Removing a Skier from Footage Using ComfyUI Video Inpainting

I'm studying Computer Science part-time at HSLU Rotkreuz. One of our modules, COACH, basically lets you pick any project you want as long as you can justify it. Since I live and breathe Nuke(X), I thought this was the perfect opportunity to properly test ComfyUI for a real object removal task. An actual shot with actual problems.

The footage: I filmed my friend Jeffrey (thanks Jeff!) skiing down a slope in Tyrol. I was following him with my phone in Action Mode, handheld. Since I wasn't planning on compositing that shot I did not film in any fancy codec an i'm stuck with 8-bit H.264. I reformatted it to 1080p since this is only a test. The goal is to remove Jeffrey entirely and reconstruct the snow behind him. Classic paint-out work that would normally take hours by hand.

This post is my hands-on follow-along of Foundry's course AI-Accelerated Cleanups in Nuke + ComfyUI. I basically took their workflow and applied it to my own footage. All credit for the approach goes to them — I'm just documenting what happened when I actually tried it.

The whole workflow I used will also be published on trickroom.ai if you want to take a look at it. (Coming soon)

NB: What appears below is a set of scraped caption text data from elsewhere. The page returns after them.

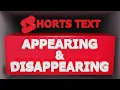How to Make Text Appear and Disappear on YouTube Shorts in 2026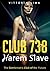 Club 738 - Harem Slave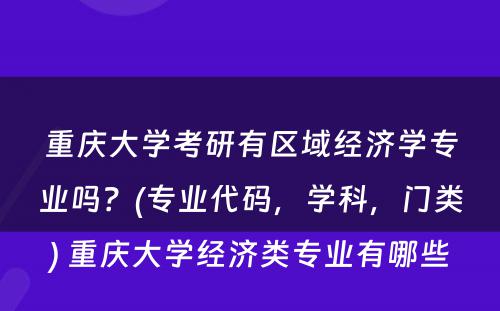 重庆大学考研有区域经济学专业吗？(专业代码，学科，门类) 重庆大学经济类专业有哪些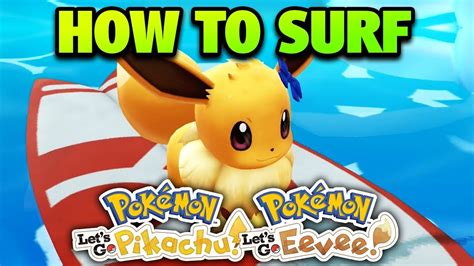 How To Surf Between Cities And Locations Pokemon Lets Go Pikachu And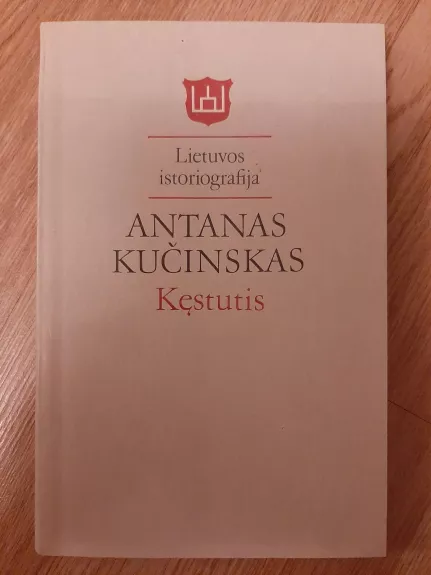 Kęstutis. Lietuvos istoriografija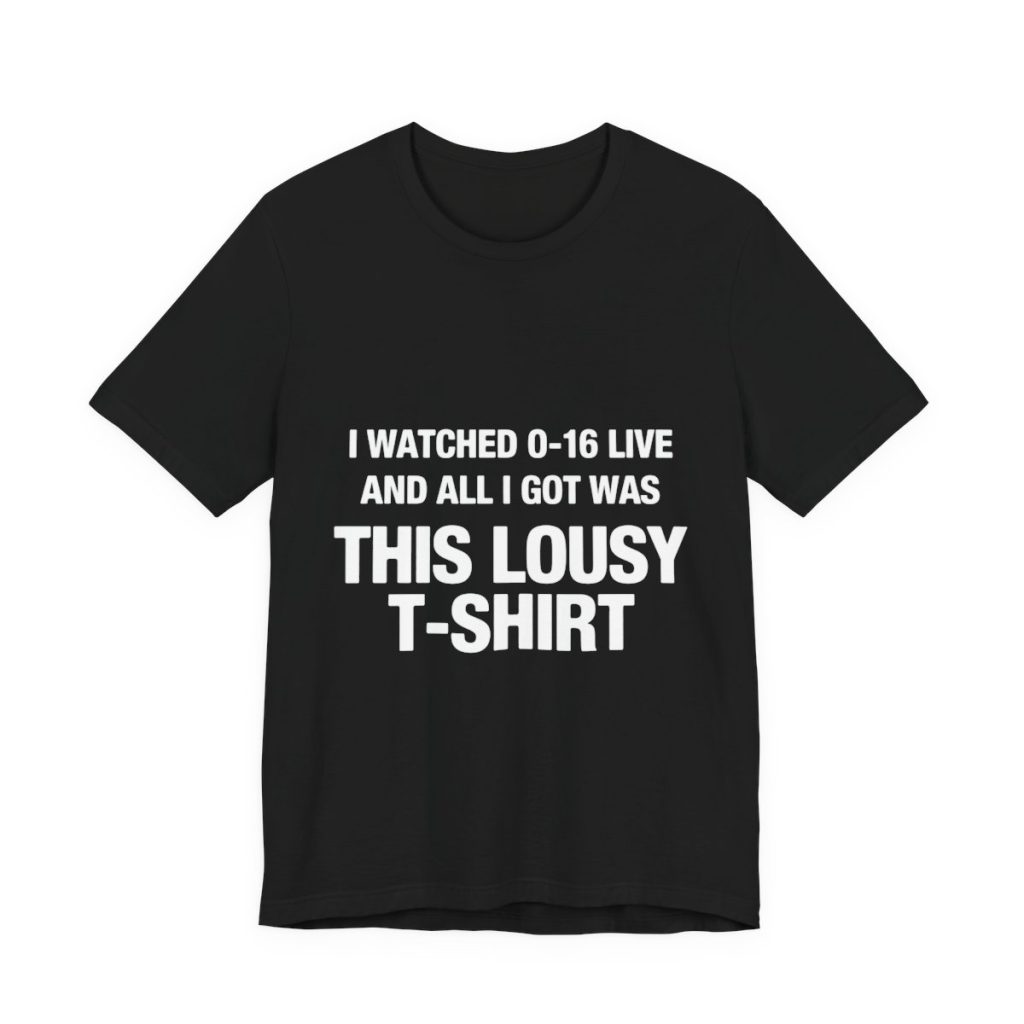 Funny Detroit Lions Shirt - I watched 0-16
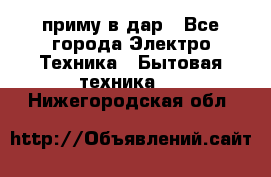 приму в дар - Все города Электро-Техника » Бытовая техника   . Нижегородская обл.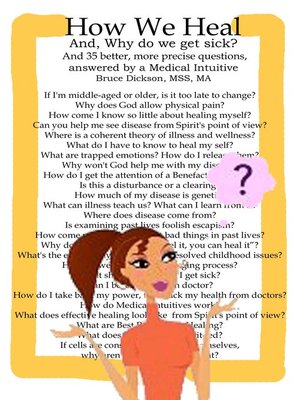 cover image of How We Heal; And, Why do we get sick? and 35 better, more precise questions, answered by a Medical Intuitive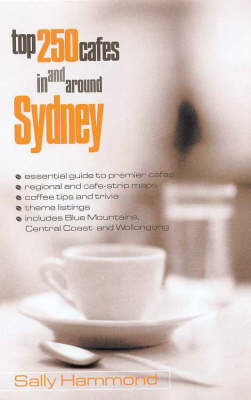 Top 250 Sydney Cafes - Sally Hammond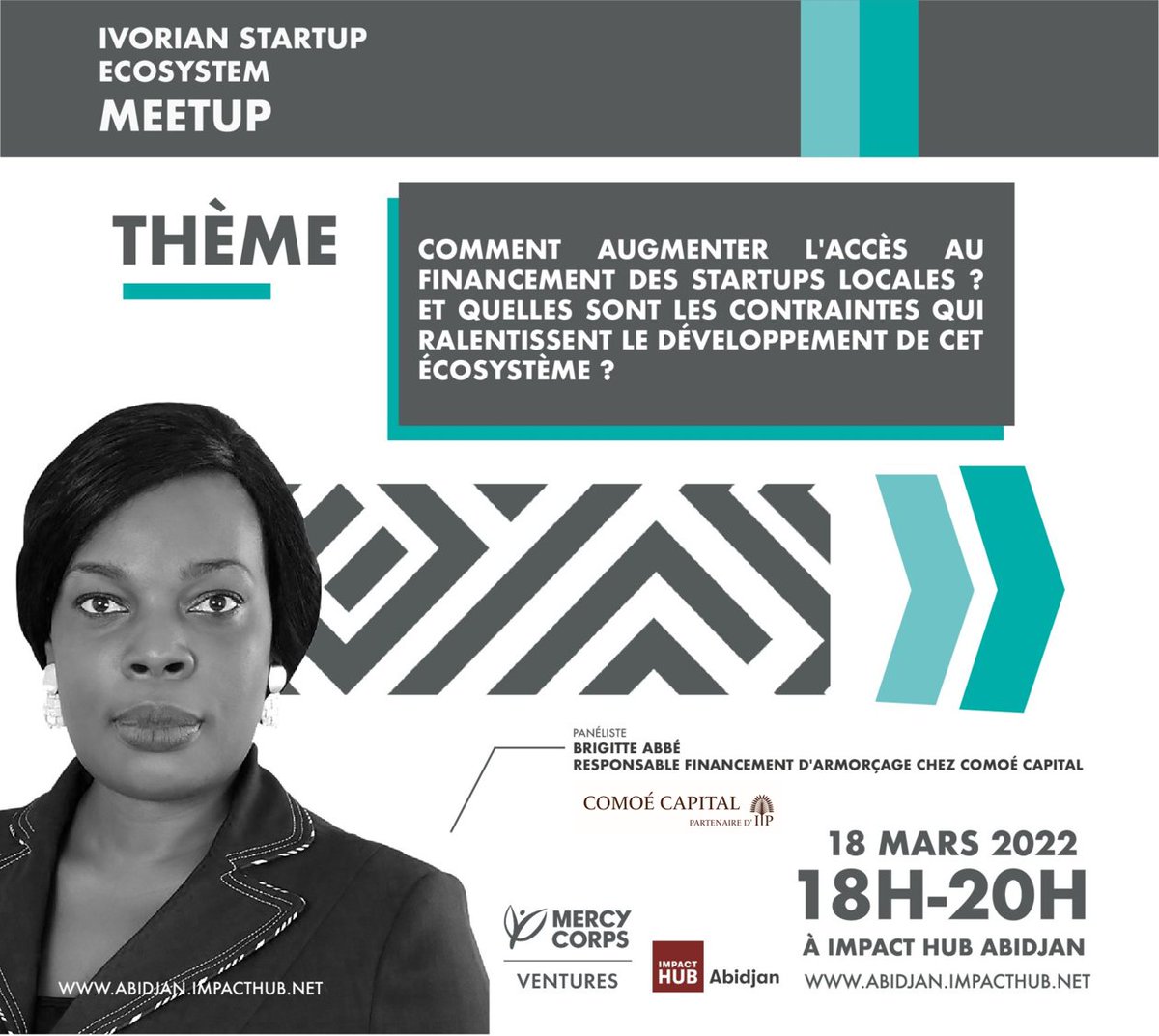 Comoé Capital (@comoecapital) on Twitter photo "Comment augmenter l’accès au financement des startups locales ? Et quelles sont les contraintes qui ralentissent le développement de cet écosystème ?"
Brigitte Abbe représentera Comoé Capital ce vendredi 18 mars 2022 à partir de 18h lors du meet-up de <a href="/ImpactHubAbj/">Impact Hub Abidjan</a> "Comment augmenter l’accès au financement des startups locales ? Et quelles sont les contraintes qui ralentissent le développement de cet écosystème ?"
Brigitte Abbe représentera Comoé Capital ce vendredi 18 mars 2022 à partir de 18h lors du meet-up de <a href="/ImpactHubAbj/">Impact Hub Abidjan</a>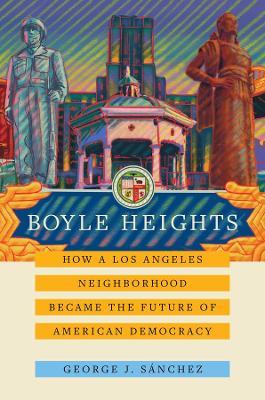 Boyle Heights: How a Los Angeles Neighborhood Became the Future of American Democracyvolume 59 - George J. S�nchez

This post documents what I did, what worked, and what didn't.

Before

After

Preparing Your Workstation

ComfyUI

If you haven't come across it yet, ComfyUI is a node-based interface for running diffusion models. Think Nuke, but instead of Merges and ColorCorrects you're wiring up VAE encoders, KSamplers and ControlNets. The paradigm feels familiar if you're used to node graphs.

For VFX specifically, this is becoming relevant. Video inpainting, upscaling, rotoscoping assistance are workflows you can build today and which get better every week. It's not replacing Nuke but for tasks that are tedious by hand and where "perceptually plausible" is good enough, it's a useful tool to have in the pipeline.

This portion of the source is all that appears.